[Cryptography-dev] Fernet newbie question: suppling existing key for decoding

Paul Kehrer paul.l.kehrer at gmail.com
Mon Jan 5 19:26:20 CET 2015


Thanks for the update David.

I'd strongly recommend against using that construction as it is just doing a single SHA256 hash of your password and then base64 encoding it. While a password is definitely lower entropy than 32 bytes of random you can still derive a key suitable for encryption from a password by using a KDF (key derivation function). KDFs are useful in this context because they raise the cost of computing the key so that an attacker can't easily brute force the password. Consider replacing the get_key function with something using PBKDF2HMAC (https://cryptography.io/en/latest/hazmat/primitives/key-derivation-functions/#cryptography.hazmat.primitives.kdf.pbkdf2.PBKDF2HMAC). An even better KDF would be something like scrypt, but unfortunately we don't support that in pyca/cryptography yet.

This definitely is showing a need for an official password-based encryption key derivation for Fernet...

-Paul Kehrer
On January 5, 2015 at 12:07:31 PM, David Evans (djve60 at gmail.com) wrote:

I found the answer to what I was trying to find at ​http://incolumitas.com/2014/10/19/using-the-python-cryptography-module-with-custom-passwords/ when following up on the URLs.

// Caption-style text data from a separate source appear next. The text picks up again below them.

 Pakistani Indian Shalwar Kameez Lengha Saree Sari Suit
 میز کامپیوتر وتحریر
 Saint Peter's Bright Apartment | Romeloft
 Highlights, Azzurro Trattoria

In case the site goes off line the code I was after is just (copied from the site) by Nikolai Tschacher:
import base64
from cryptography.fernet import Fernet
from cryptography.hazmat.primitives import hashes
from cryptography.hazmat.backends import default_backend

def get_key(password):
    digest = hashes.Hash(hashes.SHA256(), backend=default_backend())
    digest.update(password)
    return base64.urlsafe_b64encode(digest.finalize())

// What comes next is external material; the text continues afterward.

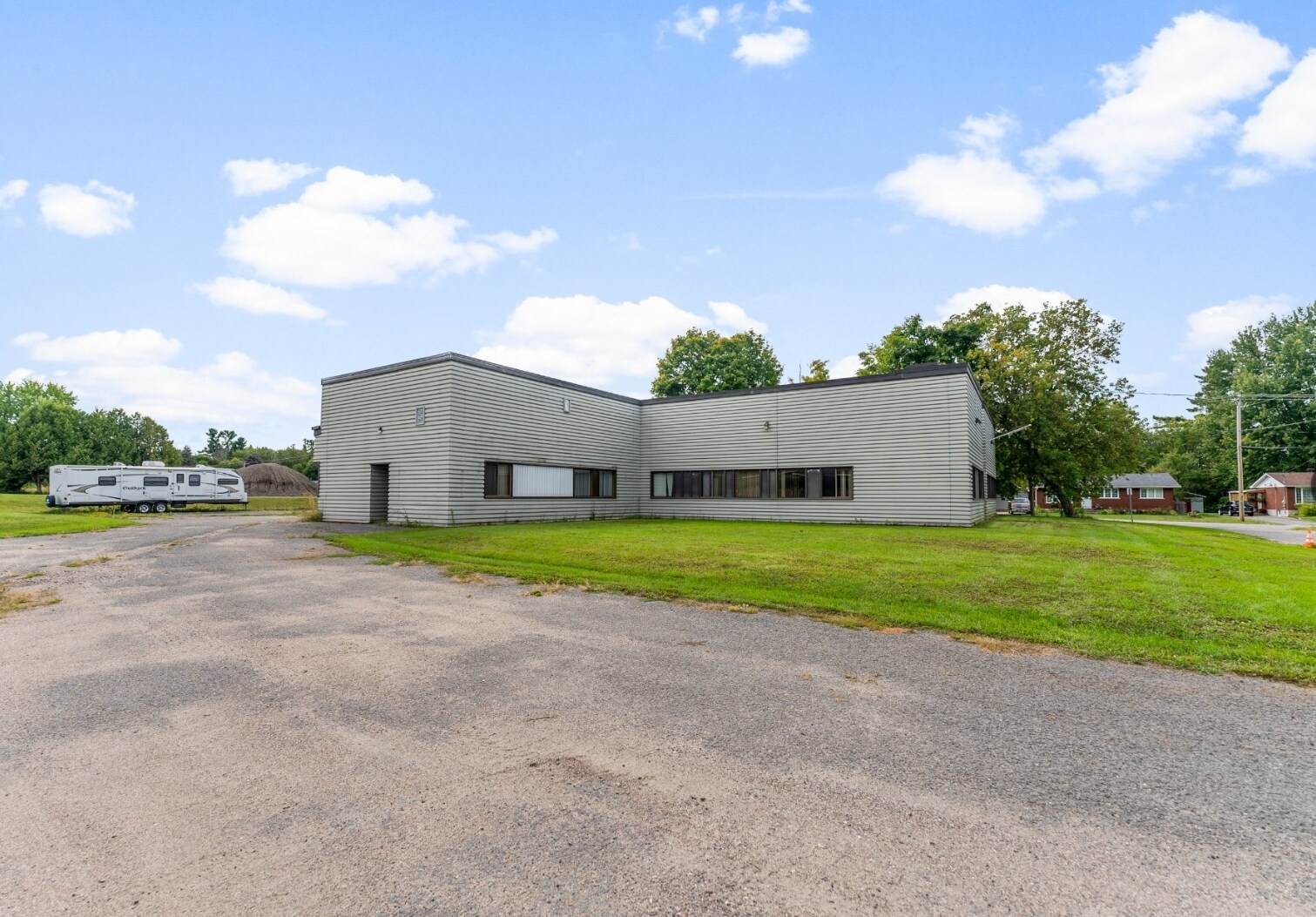 420 Rue Terry Fox, Bryson, QC for sale Building Photo- Image 1 of 2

def encrypt(password, token):
    f = Fernet(get_key(key))
    return f.encrypt(bytes(token))

def decrypt(password, token):
    f = Fernet(get_key(password))
    return f.decrypt(bytes(token))

but the problem I have with this is using a non-randomized password helps subvert the security of the 32-bit random password that Fernet provides. However, as Nikolai notes, it's more usable for interactive activities.

For new code I'll be using Fernet but for existing code I think I'm forced to keep to PyCrypto. Since a Fernet message is a self-signed (a little like a PKCS12 type file) it will not be appropriate for many existing processes but I think it should be used where possible.